The foundational motivation behind the paper is to address the complexity inherent in state-of-the-art image tokenizers. Existing methods rely heavily on a combination of losses and heuristics, often involving pretrained supervised models, which complicates the training pipeline. By contrast, DiTo leverages a single diffusion L2 loss for training, rooted in the diffusion model framework that has gained prominence for image generation.

Diffusion models, known for their robust probabilistic modeling capabilities, form the backbone of DiTo. These models estimate the data distribution by learning score functions via a stochastic process, which the paper reframes within the context of autoencoder training. DiTo employs Flow Matching, a diffusion-based objective that aligns closely with the Evidence Lower Bound (ELBO) theory. This choice is pivotal, as it grounds the autoencoder's training in a theoretically sound probabilistic framework.

Experimental Validation

Experiments conducted on large-scale datasets such as ImageNet demonstrate that DiTo achieves superior image reconstruction quality compared to GAN-LPIPS tokenizers, particularly in handling complex visual structures like text and symbols. Moreover, image generation models trained on DiTo's latent representations exhibit competitive or improved performance over those using traditional methods.

The scalability of DiTo is tested across various model sizes, consistently showing improved reconstruction fidelity and visual quality as the model is scaled up. This attribute is less pronounced in GAN-LPIPS where performance gains plateau with increased complexity. The paper further explores the advantages of DiTo through ablations, highlighting that its design is well-suited for joint learning of latent representations alongside powerful probabilistic decoders.
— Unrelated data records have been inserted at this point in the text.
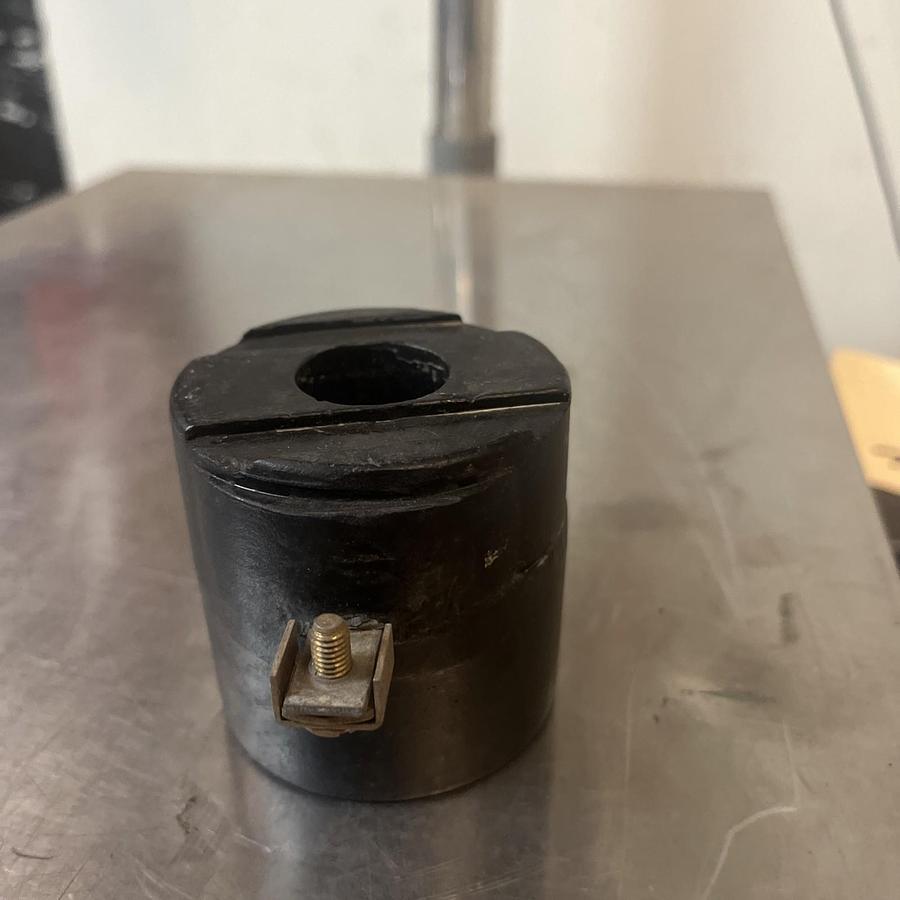 SQUARE D,SSO-785AE,COIL 230VDC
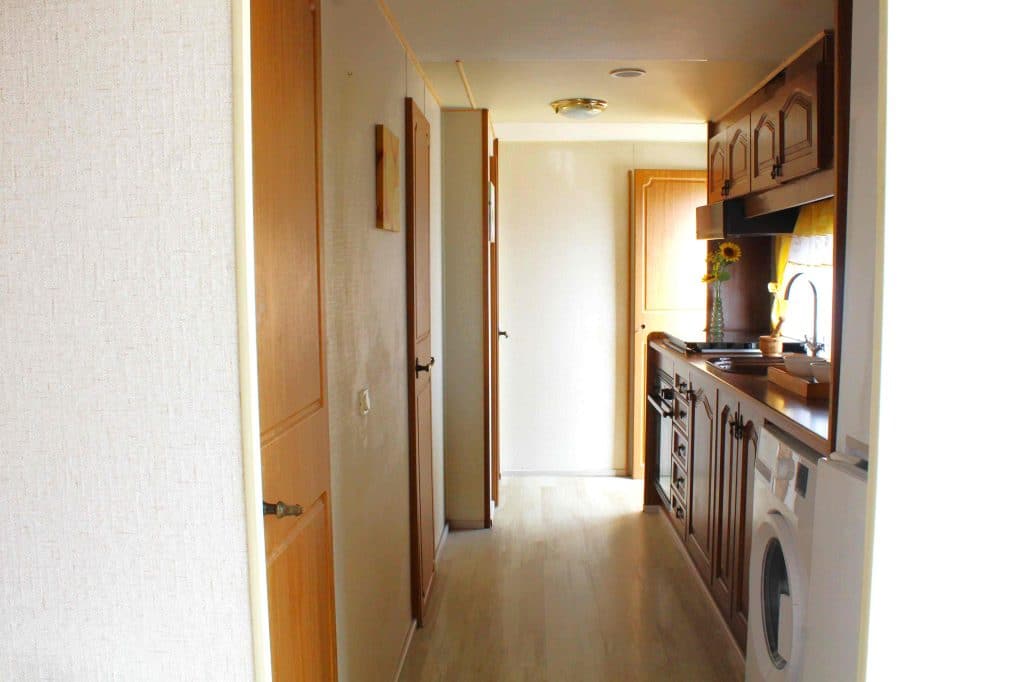 mobil home ocasion benimar 50018 15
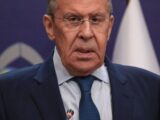 Polska w G20: Udział na szczycie w Atlancie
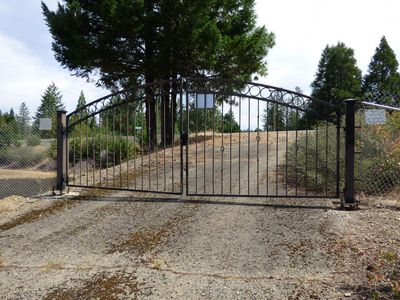 28938 Redwood Hwy, Cave Junction, OR, 97523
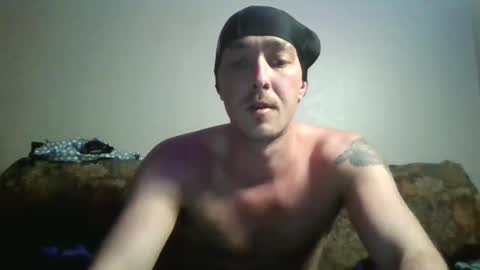 Snapshot of rubyrod56 chatting on February 2026 12:17:02 AM rubyrod56 online show from February 2026 12:17:02 AM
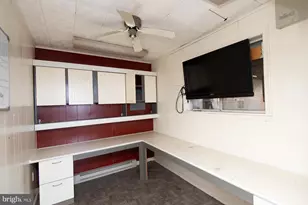 5228 Bucktown Rd, Cambridge, MD 21613 - Photo 22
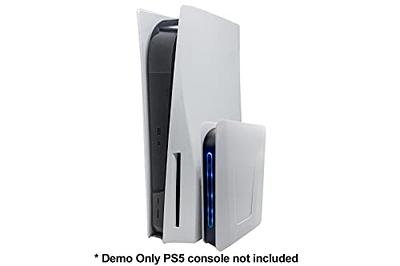  Avolusion HD250U3-Z1-PRO-WH 1TB USB 3.0 Portable External  Gaming Hard Drive - White (for PS5 / PS4, Pre-Formatted) - 2 Year Warranty  : Electronics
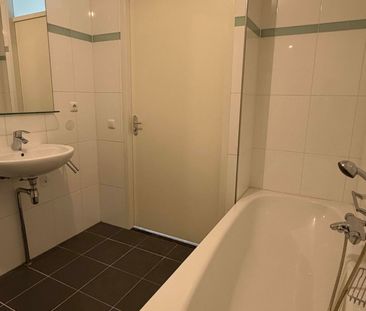 Appartement te huur: Carolina van Nassaustraat 123 2595 SX Den Haag - Foto 6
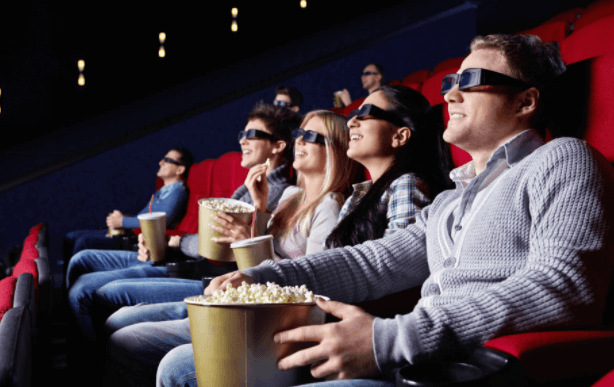 Como ganhar descontos na entrada do cinema? - descontos para comprar um celular novo Dicas para economizar descontos em cinema mini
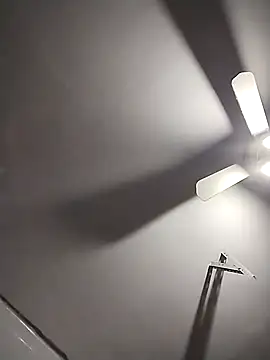 thickcocklatino online show from 22, 1, 2025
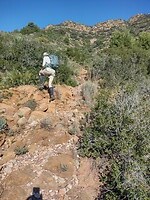 IMG_20250109_125432581_HDR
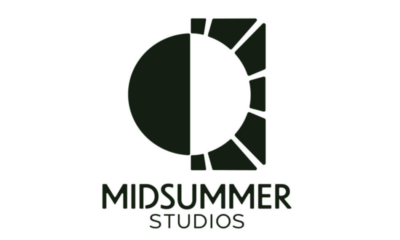 XCOM designer Jake Solomon reveals "Life Sims + The Truman Show" game... while announcing his studio's closure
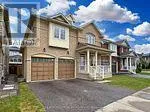 766 GRAND RIDGE AVENUE, Oshawa (Pinecrest), Ontario L1K2M5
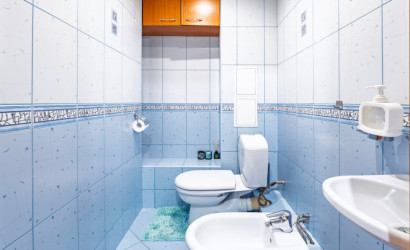 Купить 2-комнатную квартиру, Минск, Охотская, 145 (Заводской район). Фото 5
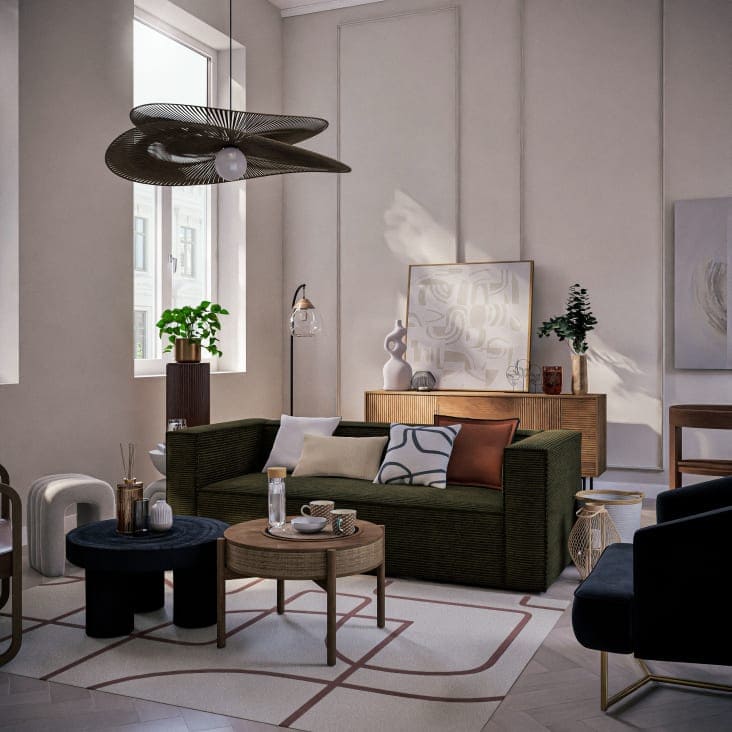 canape-3-places-fakir-maison-du-monde-velours-cotele-205cm-4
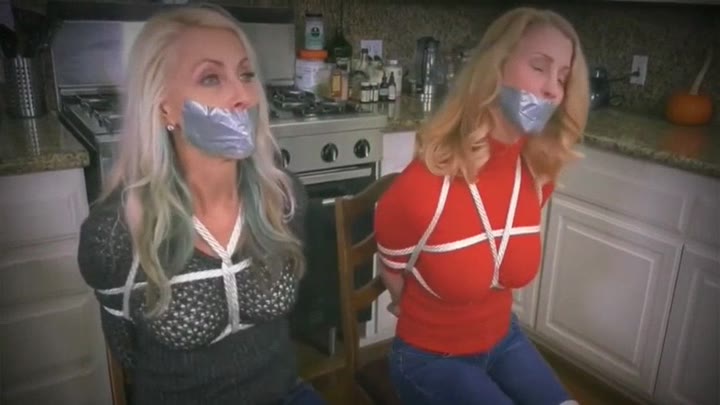 Amazing Adult Movie Big Tits Fantastic , Watch It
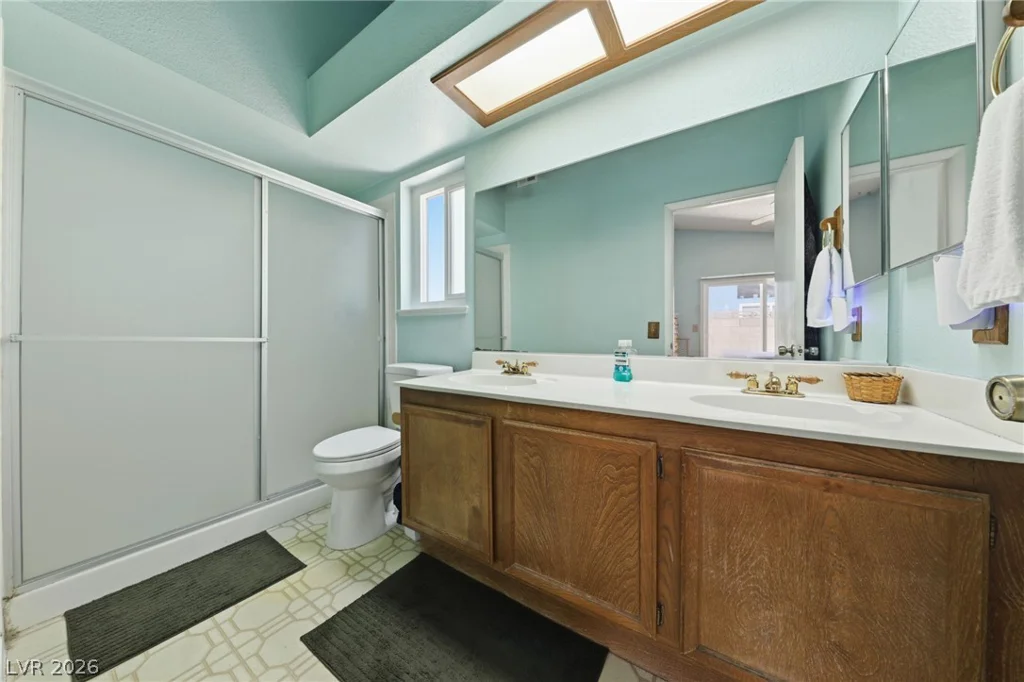 4433 Narit, Las Vegas, NV 89108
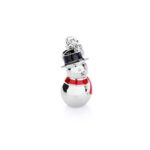 charm-rosato-pupazzo-di-neve-rhl048-product-spallucci-1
Practical and Theoretical Implications

Practically, DiTo simplifies the training process by removing the need for balancing multiple losses and pretrained discriminative models, leading to efficient and scalable image tokenizer training. Theoretically, employing an ELBO-maximizing objective ensures that the latent representations capture relevant information comprehensively, enhancing both the quantitative and qualitative performance of downstream generative models.

Speculation on Future Directions

The paper hints at future research directions, including expanding DiTo's applicability beyond images to video, audio, and other modalities. Such extensions could offer a unified approach for scalable, self-supervised representation learning in multimedia contexts. Additionally, exploring content-aware tokenizers could lead to optimizing information density encoding, further enhancing model efficiency and performance.

Conclusion

In conclusion, "Diffusion Autoencoders are Scalable Image Tokenizers" contributes significantly to the field of machine learning by presenting a streamlined, theoretically robust method for image tokenization and generation. Through the lens of diffusion models and self-supervision, it offers a promising alternative to the intricacies of current state-of-the-art tokenizers, paving the way for more elegant and effective models in AI-driven image processing tasks.